Tiwana (2014) argued that platform ecosystem governance has three components: who holds decision rights, what control mechanisms the owner uses, and who owns the interfaces and architecture. Those three questions determine how value flows inside the ecosystem. And the answers are made almost entirely by the platform owner, based on what maximizes the platform's own position.
Amazon is the cleanest case of what the literature calls platform envelopment. Amazon hosts third-party sellers on its marketplace. Amazon also competes with those sellers directly, often with private-label products that appear beside the seller's listings in the same search results. Amazon can see which products sell well, at what price, and in what volume, before any competitor outside the platform can. The sellers agreed to terms that permit this arrangement. They built their businesses inside a governance structure they did not design and cannot renegotiate. When Amazon enters a product category itself, the seller discovers their landlord is also their competitor.
Uber makes the governance question visible for labor. Uber drivers are classified as independent contractors, not employees. That classification is a governance decision, not an objective description. The platform sets the prices. The platform sets the surge multipliers. The platform decides when drivers receive rides and when their accounts are deactivated. Drivers cannot negotiate any of these terms. They can accept the arrangement or leave the platform. The independence in "independent contractor" describes schedule flexibility. Every economically significant variable is set by the platform's governance rules.
Möhlmann et al. (2025) made the stakeholder dimension explicit: on content platforms, algorithms do not just recommend content or automate moderation. They govern how stakeholders interact and how conflicts among them are resolved. Visibility, ranking, monetization, and safety are not neutral outcomes of a technical system. They are policy decisions encoded in algorithms. Platform governance is not only platform owner control over technology. It is also algorithmic stakeholder governance, where different groups have goals that conflict and the algorithm mediates those conflicts according to rules the platform wrote.

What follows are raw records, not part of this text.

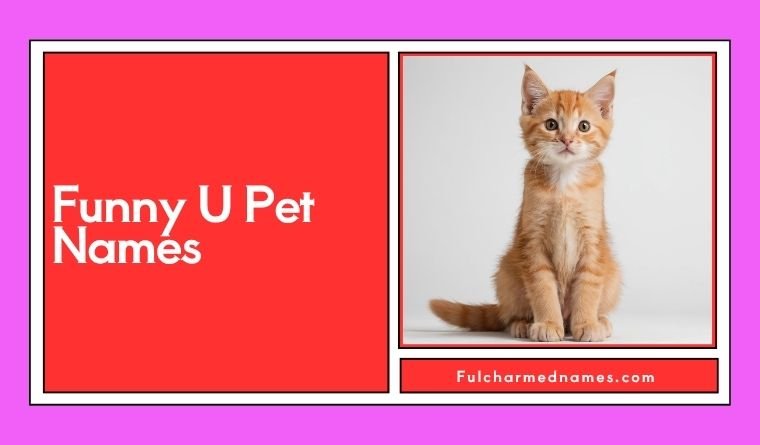 Funny U Pet Names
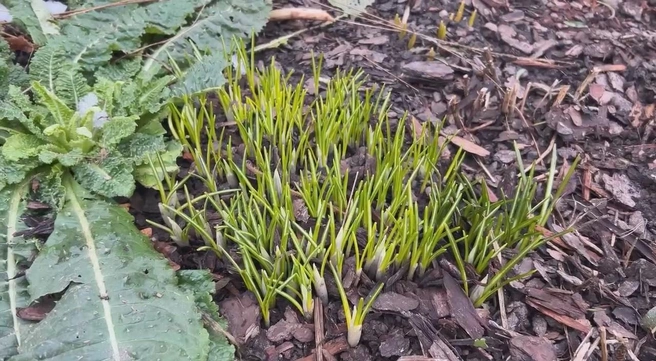 Источник: Ботанический сад Петра Великого. Санкт-Петербург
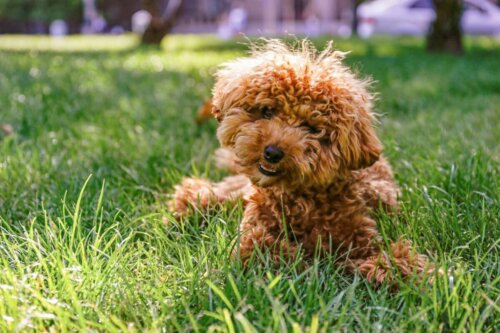 Pies maltipoo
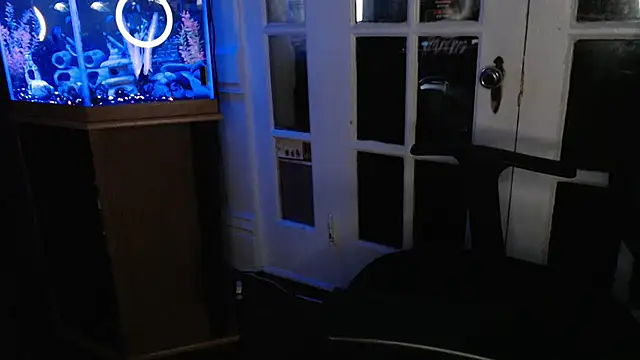 EspanolVato webcam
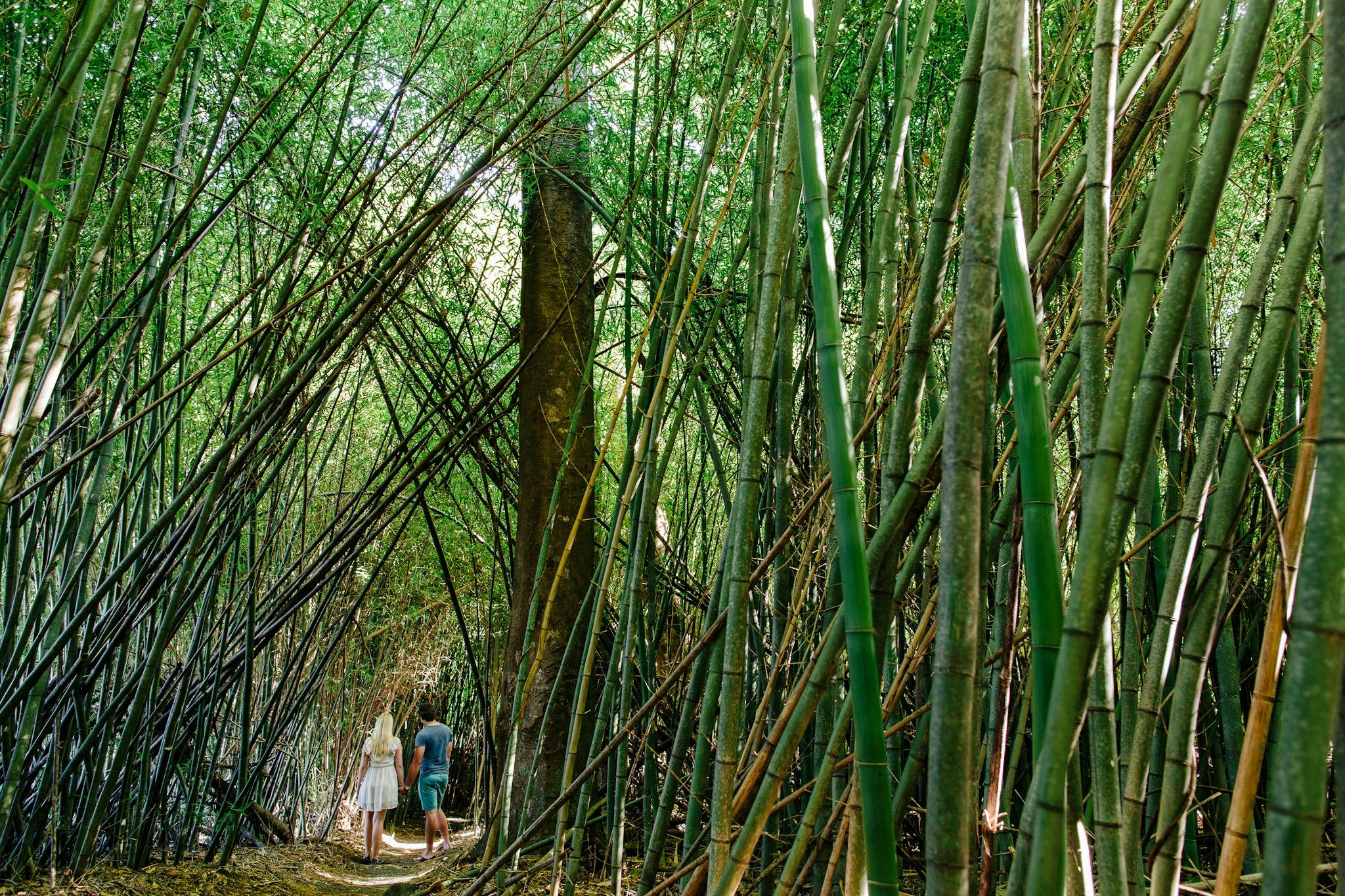 Bamboo Forest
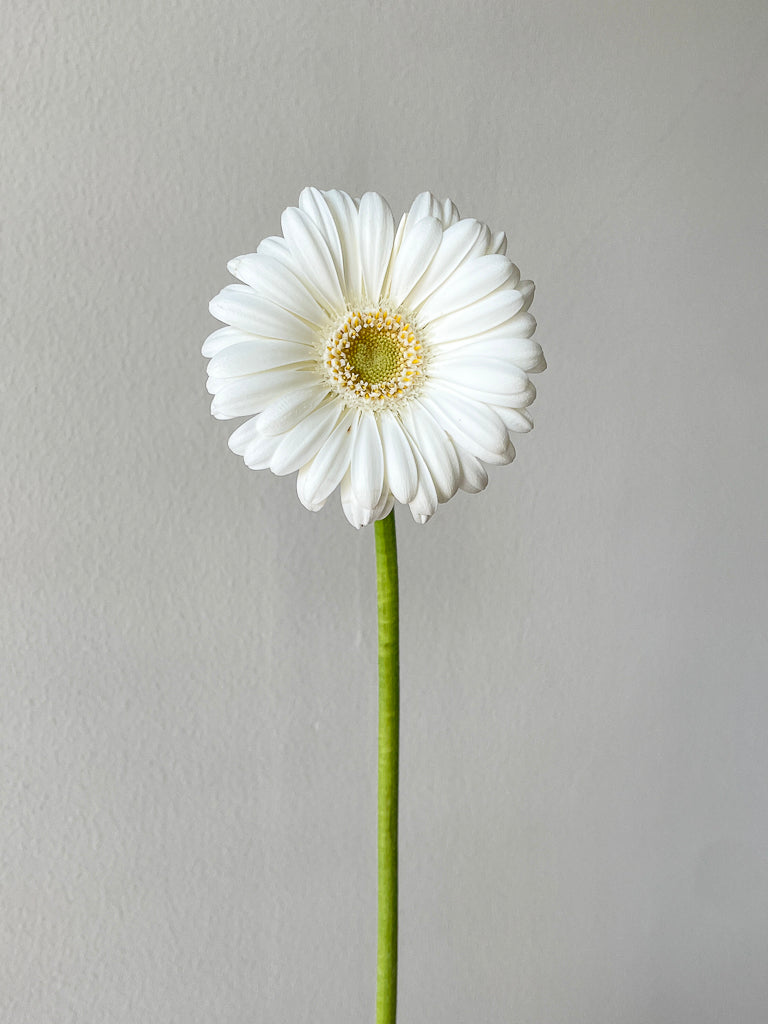 Bunch of 10 Germini White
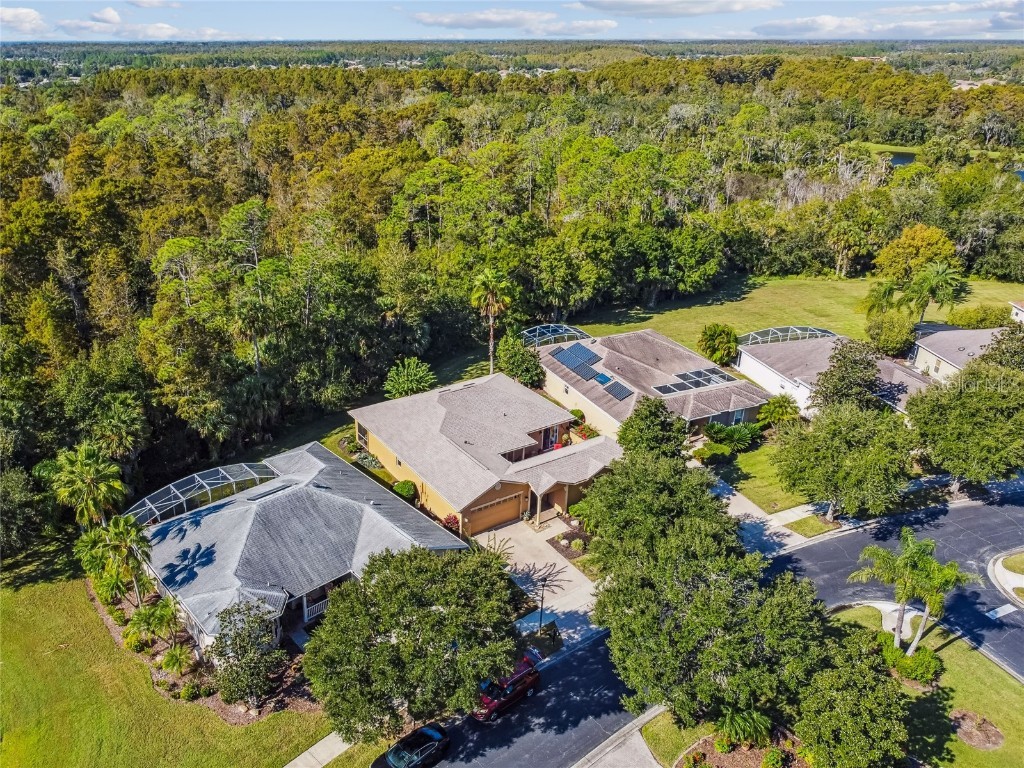 350 Balboa Drive Kissimmee FL 34759 S5113971 image65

Mayer et al. (2025) showed how GenAI changes this governance problem. When AI becomes a boundary resource on a platform, it creates validation problems because outputs need checking, standardization problems because generative outputs resist stable platform rules, and complementor-skill problems because complementors need new capabilities to work with unpredictable AI outputs. The governance challenge is not just about who gets to participate. It is about whether the boundary resources that coordinate participation can even remain stable when the outputs they produce are open-ended.
The thing that keeps surfacing as I read this literature is that governance rules in platform ecosystems are not neutral. They are designed to protect the platform's core interests. When Apple removes a competing parental control app on privacy grounds while launching its own, that is governance working as designed. When Amazon uses data generated by third-party sellers to make private-label decisions, that is governance working as designed. When a content platform's algorithm downranks posts that do not generate engagement because engagement drives ad revenue, that is governance working as designed. None of these are governance failures. They are governance succeeding at what it is structured to do: protect the platform first, the high-value side of the market second, and the low-value side third.
IS research on platform governance is asking the right questions: who decides, who benefits, and who gets excluded. Platform companies are mostly asking one question: how to extract more value from both sides of the market simultaneously. That is not a cynical reading. It is a structural feature of the business model. The platform's function is to increase the value of interactions while increasing its share. Governance rules are instrumental to that function.
For how platform logic intersects with IT value, the argument in the productivity paradox applies directly. Platform businesses invest in infrastructure that creates enormous value for users while capturing a fraction of it through data and advertising, and the question of where value actually lands is more complicated for platforms than for traditional IT. And for why platform logic clashes with regulatory logic, institutional logics and competing rationalities captures the tension: the market logic of the platform and the public interest logic of the regulator disagree about what counts as value and for whom.
The governance question is not just who wins. It is what winning requires you to do to everyone else.